■ EXERCISE GOAL ■
Please restate word for word the lines of the entries below from the one with "Nurse Preparing Patient" to the one with "unfurnished living room", inclusive, and leave out every picture.

■ INFORMATION GIVEN ■
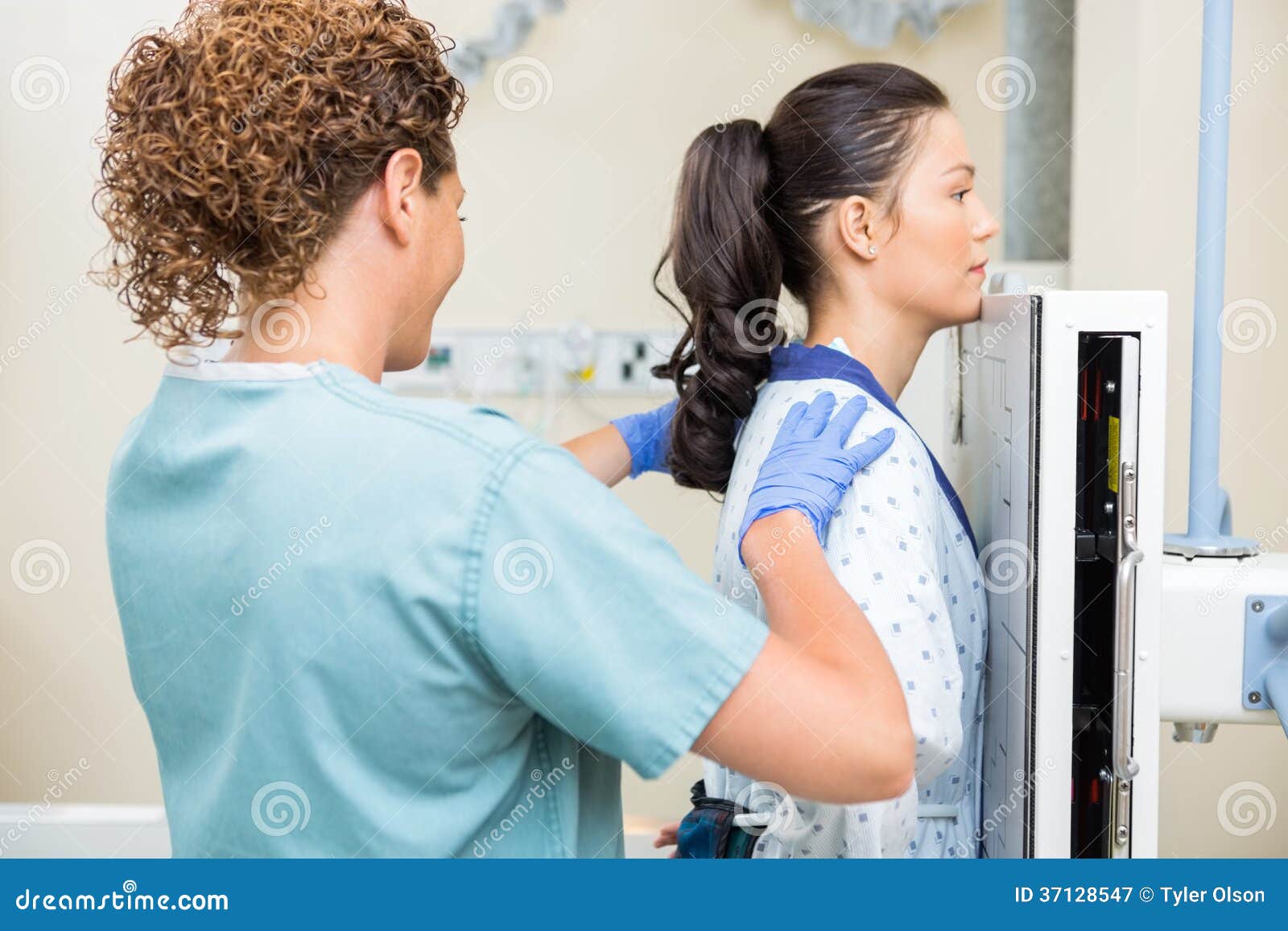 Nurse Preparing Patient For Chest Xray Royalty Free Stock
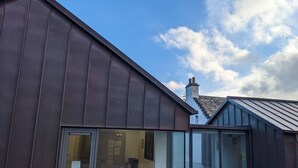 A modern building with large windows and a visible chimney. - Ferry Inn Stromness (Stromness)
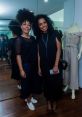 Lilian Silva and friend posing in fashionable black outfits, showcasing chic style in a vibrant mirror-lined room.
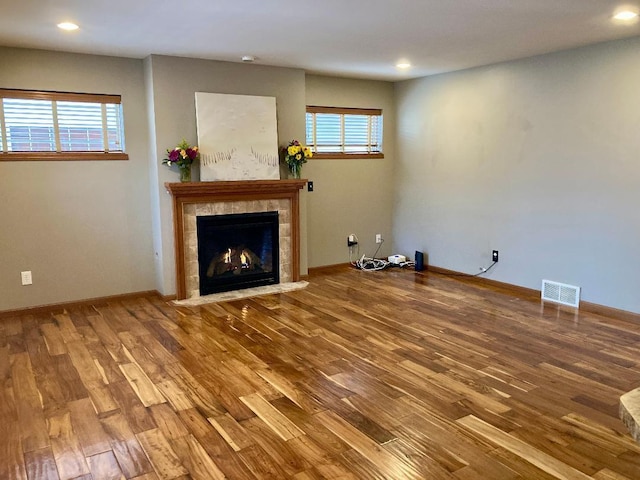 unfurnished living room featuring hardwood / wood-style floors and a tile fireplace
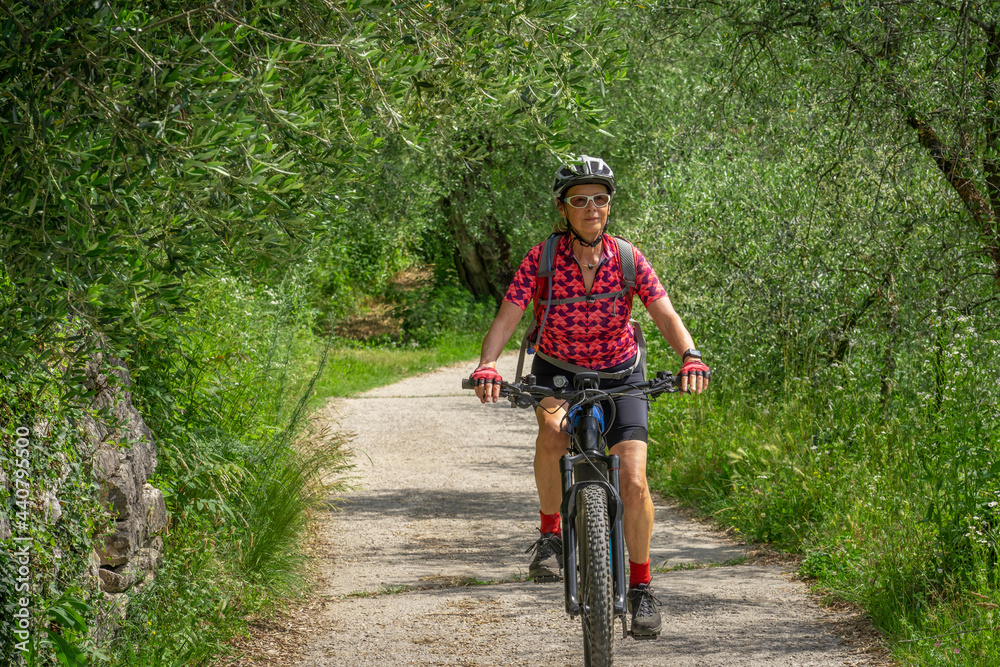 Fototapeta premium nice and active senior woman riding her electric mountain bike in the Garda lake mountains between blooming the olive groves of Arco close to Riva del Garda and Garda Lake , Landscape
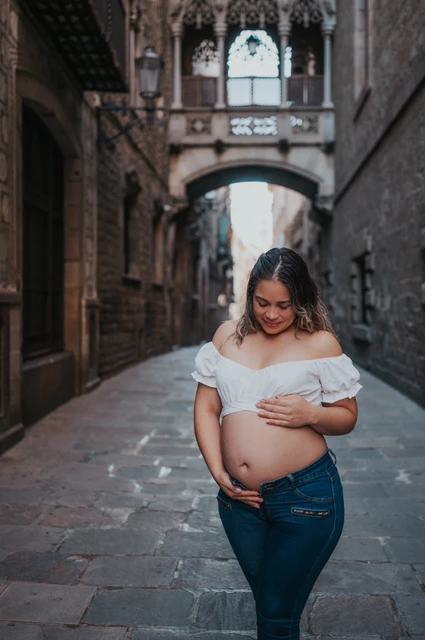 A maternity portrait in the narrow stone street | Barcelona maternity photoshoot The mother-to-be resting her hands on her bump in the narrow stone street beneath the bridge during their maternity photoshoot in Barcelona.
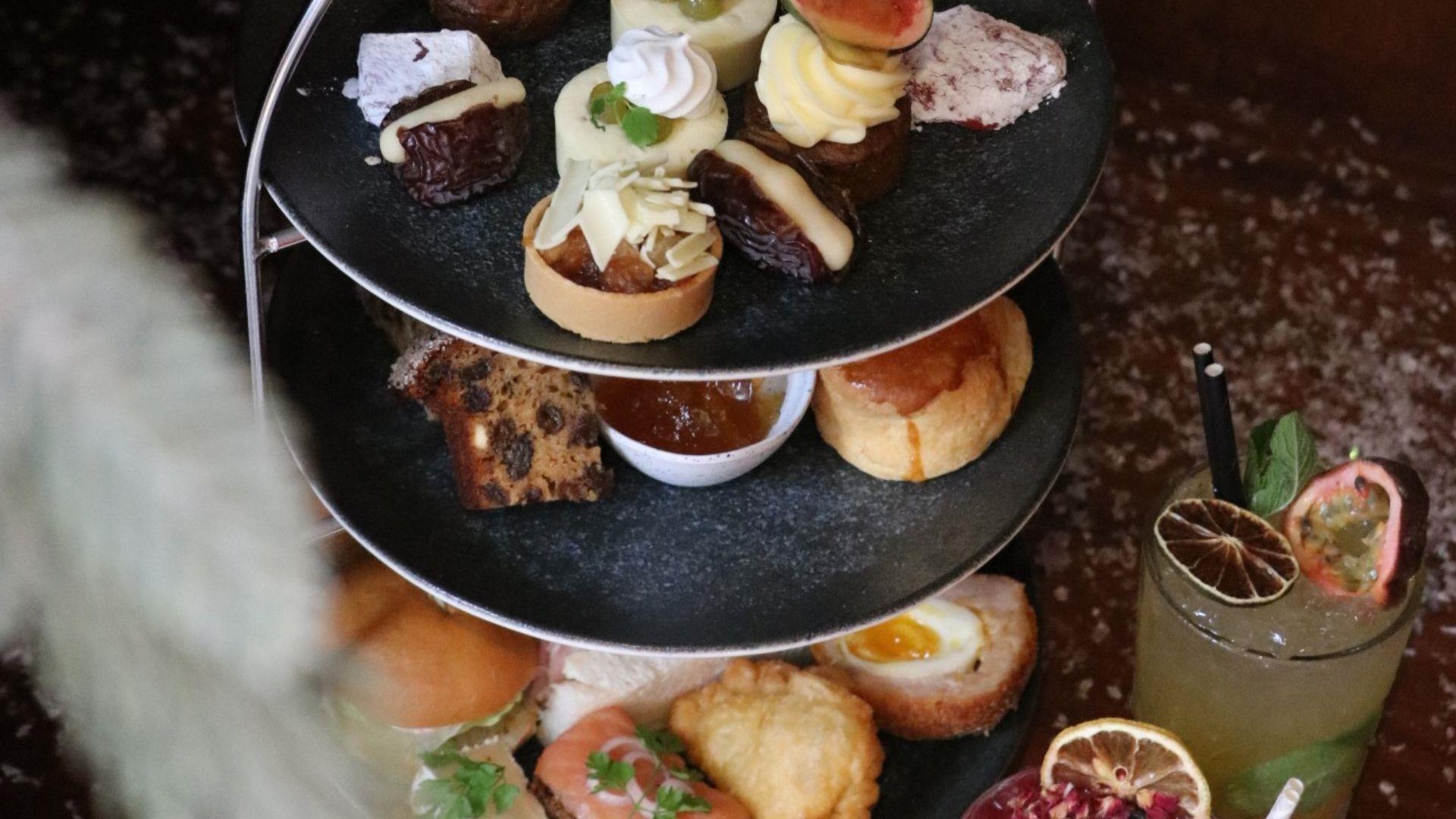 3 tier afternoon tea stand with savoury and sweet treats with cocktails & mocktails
* * *
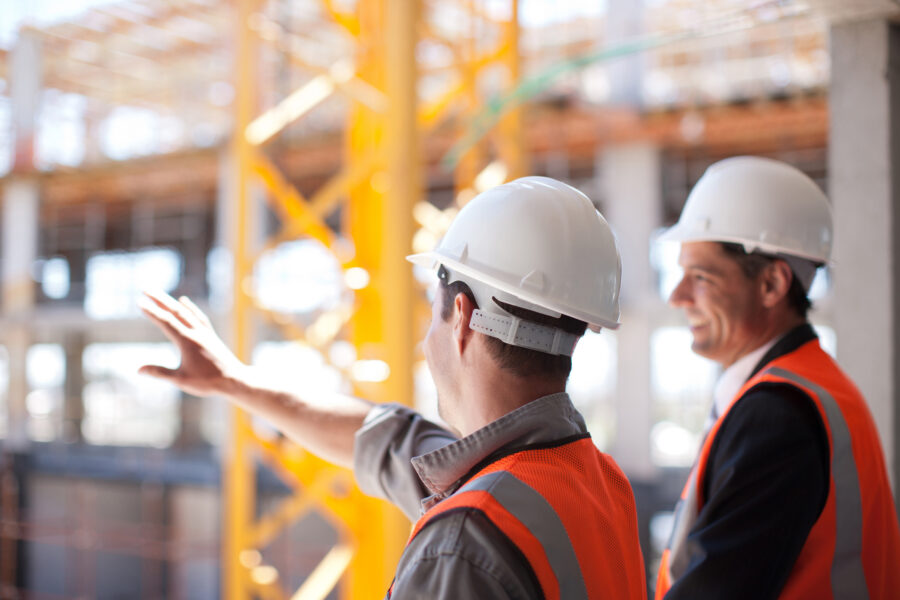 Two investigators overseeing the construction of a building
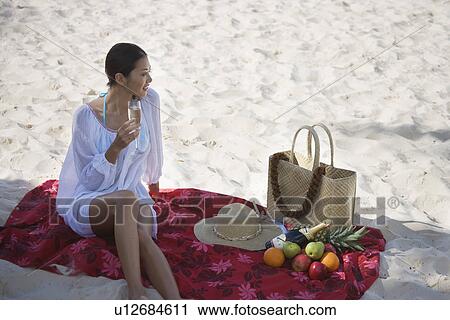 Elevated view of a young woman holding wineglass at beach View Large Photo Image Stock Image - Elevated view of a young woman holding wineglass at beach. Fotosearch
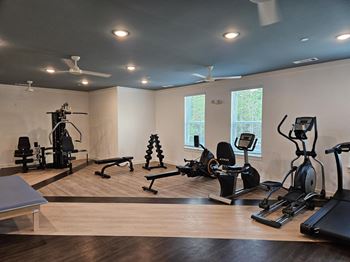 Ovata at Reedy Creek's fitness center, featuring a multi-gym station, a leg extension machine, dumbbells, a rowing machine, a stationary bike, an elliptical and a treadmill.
...
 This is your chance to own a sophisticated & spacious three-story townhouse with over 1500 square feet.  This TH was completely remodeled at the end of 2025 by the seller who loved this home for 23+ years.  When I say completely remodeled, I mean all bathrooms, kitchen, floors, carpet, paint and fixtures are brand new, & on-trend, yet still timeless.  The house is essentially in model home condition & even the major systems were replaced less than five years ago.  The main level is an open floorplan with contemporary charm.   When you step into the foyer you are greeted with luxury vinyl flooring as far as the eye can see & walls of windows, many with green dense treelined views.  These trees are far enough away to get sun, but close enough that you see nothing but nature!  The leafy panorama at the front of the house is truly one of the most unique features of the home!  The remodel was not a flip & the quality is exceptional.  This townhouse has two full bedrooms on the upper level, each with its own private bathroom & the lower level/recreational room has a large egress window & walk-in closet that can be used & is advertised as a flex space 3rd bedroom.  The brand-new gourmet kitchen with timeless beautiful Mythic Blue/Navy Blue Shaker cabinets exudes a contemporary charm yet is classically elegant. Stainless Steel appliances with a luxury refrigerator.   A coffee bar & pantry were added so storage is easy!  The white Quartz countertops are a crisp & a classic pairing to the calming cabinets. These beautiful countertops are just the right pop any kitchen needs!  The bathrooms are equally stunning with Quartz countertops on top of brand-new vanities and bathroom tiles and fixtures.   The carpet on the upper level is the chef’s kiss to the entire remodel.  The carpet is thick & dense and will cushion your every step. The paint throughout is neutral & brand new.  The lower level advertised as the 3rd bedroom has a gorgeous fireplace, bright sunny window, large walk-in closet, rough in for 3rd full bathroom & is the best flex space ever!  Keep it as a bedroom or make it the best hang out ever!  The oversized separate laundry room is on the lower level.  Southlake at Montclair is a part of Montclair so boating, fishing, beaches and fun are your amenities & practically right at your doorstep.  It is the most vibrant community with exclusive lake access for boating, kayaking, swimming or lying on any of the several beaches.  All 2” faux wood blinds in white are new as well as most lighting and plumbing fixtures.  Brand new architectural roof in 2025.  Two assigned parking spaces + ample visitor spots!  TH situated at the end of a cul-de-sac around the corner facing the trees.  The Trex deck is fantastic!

■ SOLVED EXERCISE ■
 Nurse Preparing Patient For Chest Xray Royalty Free Stock
 A modern building with large windows and a visible chimney. - Ferry Inn Stromness (Stromness)
 Lilian Silva and friend posing in fashionable black outfits, showcasing chic style in a vibrant mirror-lined room.
 unfurnished living room featuring hardwood / wood-style floors and a tile fireplace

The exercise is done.